Now that your page is ready, write it:


open (FILE, ">$output_file") or &error("can't write file $output_file $!");
print FILE $final;
close FILE;

Doners. :-) If you store this in a sub, it can be called recursively and write out an entire website.

[edited by: phranque at 11:18 pm (utc) on May 12, 2008]
[edit reason] disabled smileys ;) [/edit]

perl_diver

8:32 pm on Oct 25, 2006 (gmt 0)

10+ Year Member



that's a possibility but judging by fruadcops questions I don't think he will know how to implment such a solution. I'd try "Offline Commander" first (or something equivalent), all you have to do is pass it a URL and it does the dirty work. I ran a quick test on webmaster world and got this:

Report for task WebmasterWorld News and Discussion for the Web Professional
[webmasterworld.com...]
Exploration depth: 1

The task is stopped. 118 files are queued.
60 files were retrieved. Total size of retrieved files: 793,563
0 files were not retrieved due to network connection errors. (Retry)
3 files were not retrieved due to server errors (e.g. Not Found).
2 files were not accepted. Test filters

The task was created on 10/25/2006 1:16:56 PM
The task has finished on 10/25/2006 1:19:05 PM

You could just let it run until it slurps up the whole website. Might take a while for a big website.

fraudcop

9:50 am on Oct 26, 2006 (gmt 0)

10+ Year Member



Thans for your suggestions.

it seems a big tak for me to come up to a solution since there are two more problems to take into consideration,

1- The Member user session id

2- the fact that the main CPU consuming file is retriving at the same time from the database the categories and the items and should be made static only in the categories part since the items are addedd and expire anytime by the users.

perl_diver

6:44 pm on Oct 26, 2006 (gmt 0)

10+ Year Member



>> 1- The Member user session id

You should have mentioned that in the first place. I guess you could try and make any pages that don't need the session ID into static pages, otherwise you can forget the whole idea unless someone knows something different.

rocknbil

8:45 pm on Oct 26, 2006 (gmt 0)

WebmasterWorld Senior Member 10+ Year Member



^ ^ Oh man, sessionid's are BAD for SEO, those gotta go. :-)

fraudcop

10:02 pm on Oct 26, 2006 (gmt 0)

10+ Year Member



is there a way to replace the session id?

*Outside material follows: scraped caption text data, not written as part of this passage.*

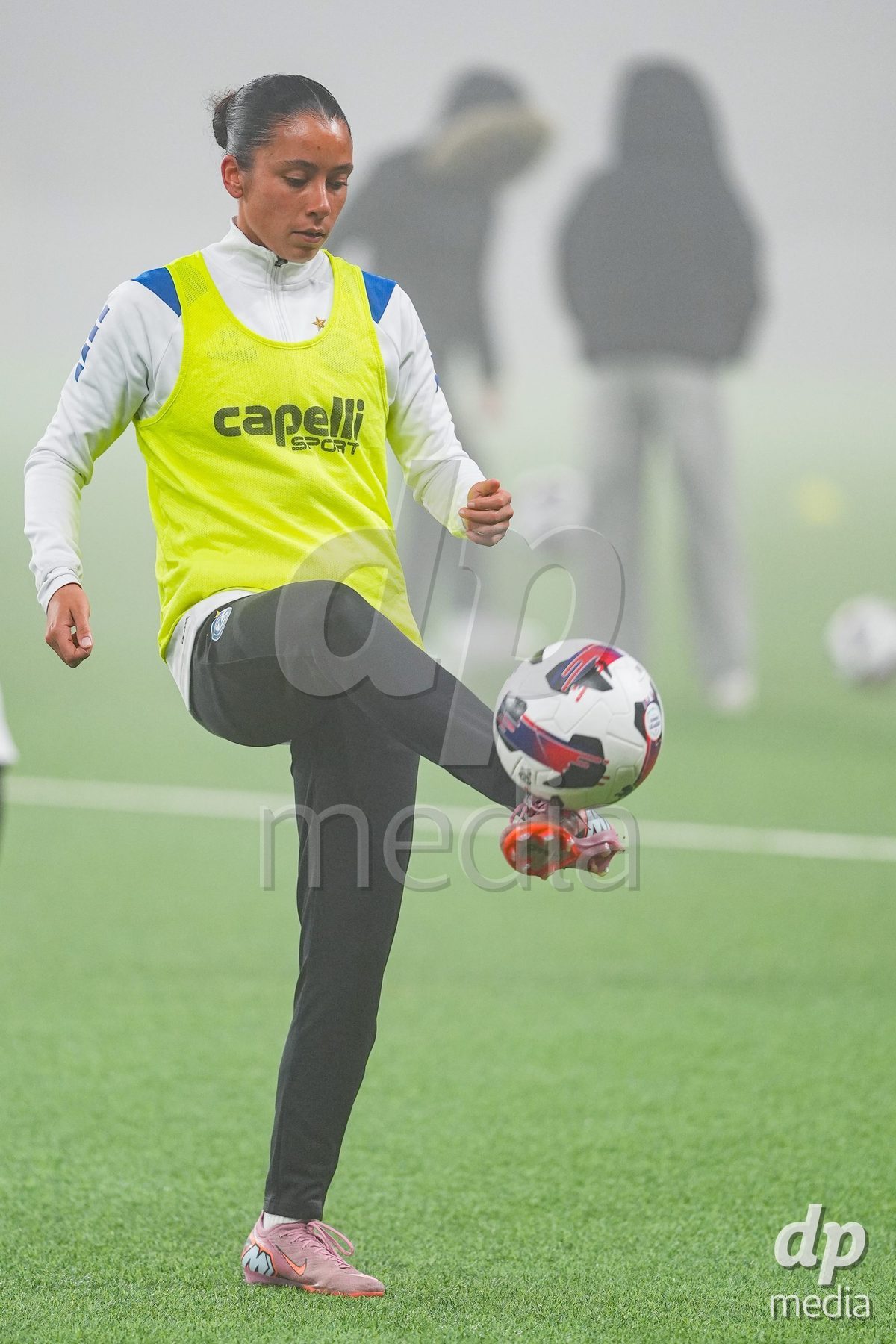 Schweiz: Axa Women's Cup 2025/26, BSC YB Frauen vs GC Frauenfussball - Stadion Wankdorf, Bern: Nicole Arcangeli (14 GC) beim Aufwärmen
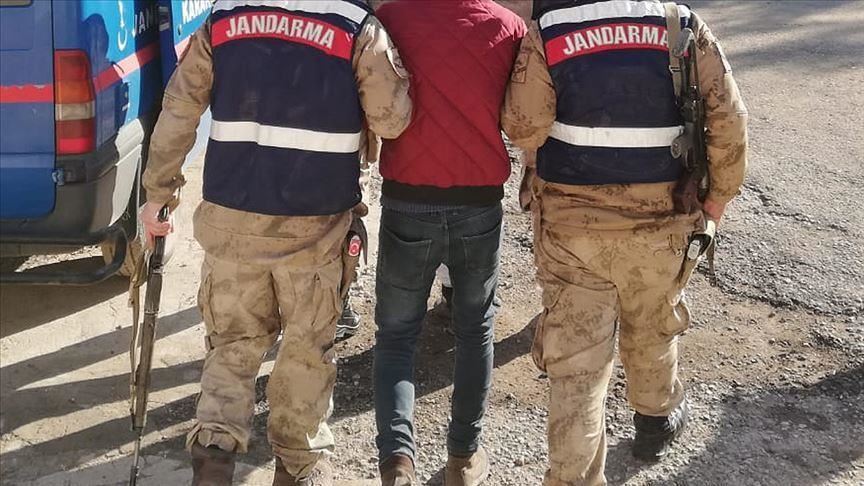 سوريا.. توقيف إرهابي أحرق محاصيل زراعية في "نبع السلام"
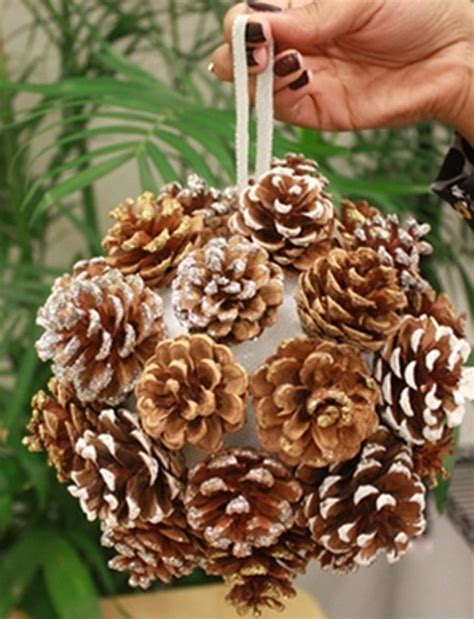 55 Awesome Outdoor And Indoor Pinecone Decorations For Christmas Digsdigs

all big sites have sesssion id so there must be a solution somewhere.

perl_diver

10:27 pm on Oct 26, 2006 (gmt 0)

10+ Year Member



session ID's are very important to the operation of the program, I don't see how you could mess around with the session ID without breaking something. Maybe rocknbil will have a suggestion.

fabricator

5:34 am on Oct 27, 2006 (gmt 0)

10+ Year Member



For easier editing use this instead.

<!--head-->

rather than

<head>

That way WYSIWYG editors and Browsers think its a comment and don't choke.

perl_diver

6:04 am on Oct 27, 2006 (gmt 0)

10+ Year Member




For easier editing use this instead.

<!--head-->

rather than

<head>

That way WYSIWYG editors and Browsers think its a comment and don't choke.

Did I miss something?

rocknbil

6:37 pm on Oct 27, 2006 (gmt 0)

WebmasterWorld Senior Member 10+ Year Member



^ ^ I think he/she doesn't mean the head tag, the means <HEADING> markers. Also note my use of capitals and the non-use of /i, you want it as unique as possible.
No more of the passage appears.